We have three types of functions:

  • summarise: these functions produce an standardised output to summarise a cohort. This standard output is called summarised_result.

  • plot: these functions produce plots (currently, only ggplot, but working to implement plotly) from a summarised_result object.

  • table: these functions produce tables (gt and flextable) from a summarised_result object.

Contents

summariseCharacteristics

To get summarise characteristics for your cohort, pipe in below to your cohort table.

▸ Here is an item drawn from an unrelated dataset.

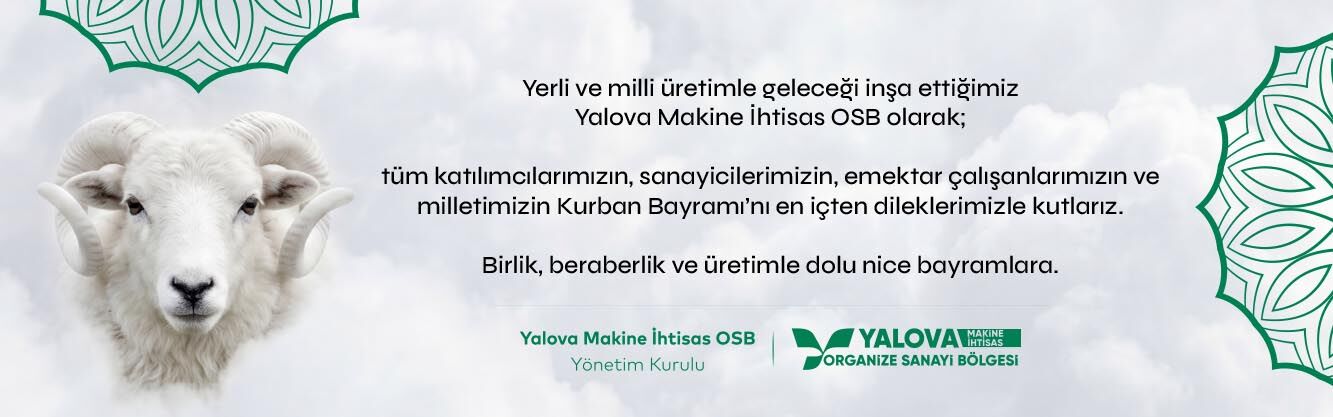 Reklam Bloğu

 results <- cdm$sinusitis |>
  summariseCharacteristics()

Its return the cohort characteristics in a summarised_result object format.

glimpse(results)
Rows: 176
Columns: 13
$ result_id        <int> 1, 1, 1, 1, 1, 1, 1, 1, 1, 1, 1, 1, 1, 1, 1, 1, 1, 1, 1, 1, 1, 1, 1, 1, 1, 1, 1, 1, 1, 1, 1, …
$ cdm_name         <chr> "GiBleed", "GiBleed", "GiBleed", "GiBleed", "GiBleed", "GiBleed", "GiBleed", "GiBleed", "GiBl…
$ group_name       <chr> "cohort_name", "cohort_name", "cohort_name", "cohort_name", "cohort_name", "cohort_name", "co…
$ group_level      <chr> "any_sinusitis", "any_sinusitis", "any_sinusitis", "any_sinusitis", "any_sinusitis", "any_sin…
$ strata_name      <chr> "overall", "overall", "overall", "overall", "overall", "overall", "overall", "overall", "over…
$ strata_level     <chr> "overall", "overall", "overall", "overall", "overall", "overall", "overall", "overall", "over…
$ variable_name    <chr> "Number records", "Number subjects", "Cohort start date", "Cohort start date", "Cohort start …
$ variable_level   <chr> NA, NA, NA, NA, NA, NA, NA, NA, NA, NA, NA, NA, NA, NA, NA, NA, NA, NA, NA, "Female", "Female…
$ estimate_name    <chr> "count", "count", "min", "q25", "median", "q75", "max", "min", "q25", "median", "q75", "max",…
$ estimate_type    <chr> "integer", "integer", "date", "date", "date", "date", "date", "date", "date", "date", "date",…
$ estimate_value   <chr> "19032", "2688", "1908-10-30", "1972-08-22", "1988-06-09", "2003-09-27", "2019-06-25", "1908-…
$ additional_name  <chr> "overall", "overall", "overall", "overall", "overall", "overall", "overall", "overall", "over…
$ additional_level <chr> "overall", "overall", "overall", "overall", "overall", "overall", "overall", "overall", "over…

tableCharacteristics

To get a tidy table from the summarised_result object.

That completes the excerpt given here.